Now that was interesting. “Really? Before his mother or father?”

He nodded. “His mama had a hard delivery with him. She was too weak, and his father . . . He couldn’t make it.” There was a note in his voice that made her suspicious but she didn’t pursue it. “I was the one who took her to the hospital and stayed with her while she struggled.” He sighed. “I’d give anything to have had a son like Sheridan. But he’s as close to one as I ever got. Not that I’m complaining, mind you. He was even named after me.”

“Sheridan?”

“Sheridan Digger Wade. I’m his uncle.”

Ah, that explained their closeness. “Maternal?”

His eyes went blank as he looked away. “No.”

Shahara choked on her food as that settled in. Good gods, he was . . .

Idirian’s brother.

She wanted to run.

Digger sprang to her aid and pounded her on the back until the food dislodged from her throat.
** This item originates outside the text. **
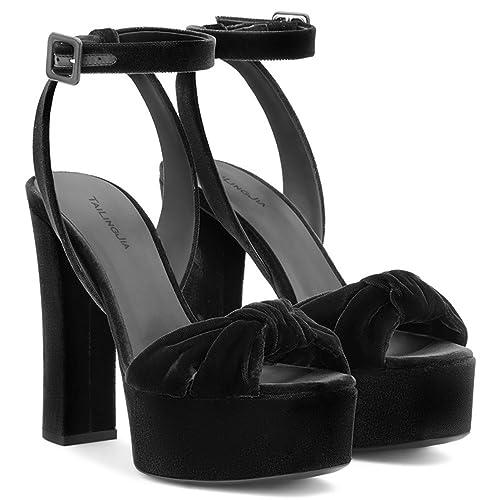 WOkismD WOkismD Platform Heels for Women Platform Sandals Womens Chunky Heel Open Toe Pumps Ankle Strap Bowknot slingback Block Heeled Sandals Wedding Party Dress Shoes,Black,34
Taking a few gulps of air, she blinked back the tears in her eyes.

She gaped at the old man as he took a seat next to her on the sofa. “How can you be related to that psycho?” she asked, eyeing the old man warily.

His look turned harsh. “Indie wasn’t always like that,” Digger said defensively. “He was a good kid. He just fell in with the wrong kind of people.”

Oh yeah, right. What a load of crap. That was the one excuse that made her want to hurt someone. “Are you telling me other people led him into that kind of sadistic slaughter?”

He returned to his chair, his shoulders slumped in defeat. “No, child. I’m not a fool. Indie became everything you ever heard and worse—I know the real stories that didn’t make the news—the ones they deemed too gruesome for public consumption.”

Now that terrified her, given how grisly the released stories had been. How much worse could they get?

“At first, I stayed around thinking I could change him back into the innocent kid he’d been or at least browbeat him into some form of decency. But once he had the taste of blood in him, he decided he liked it, and the power people’s fear gave him. There was nothing I could do. It’s hard when you’re kicked down your whole life and people mock you for being beneath them. Then when you find a way to pay them back . . .”

He shook his head. “Indie got high off it and he felt it was justified for the way we’d been raised and treated.” His gaze seared her. “I’m not about to excuse it. I was never blind to my little brother’s shortcomings. But to the end, I did love him and I wish I could have saved him from himself.”

On one level she could admire that. Yet on the other . . . She shivered.

Still, she didn’t understand why Digger had stayed with such a man. “Once you saw that you couldn’t change him, why didn’t you walk away?”

Digger sighed. “It wasn’t that easy, and there for a time, Indie got better. Not because of me, but for Sheridan’s mother. She was a decent lady from a good family and, believe it or not, he loved her like nothing I ever saw. She was under his skin and he’d have done anything for her. But it wasn’t that easy to leave his past, which hadn’t been all that bad up until then.”

“So what happened?”

“Her parents,” he spat the word. “Stupid interfering bastards. They refused to even call him by his name cause he was so far beneath them. They told her that so long as she was with him, she couldn’t come home. Even when she took Talia there to see them, just a few weeks after Talia had been born, her parents had her thrown out and told her they didn’t want to see no bastard lowborn baby—said it was no grandchild of theirs.”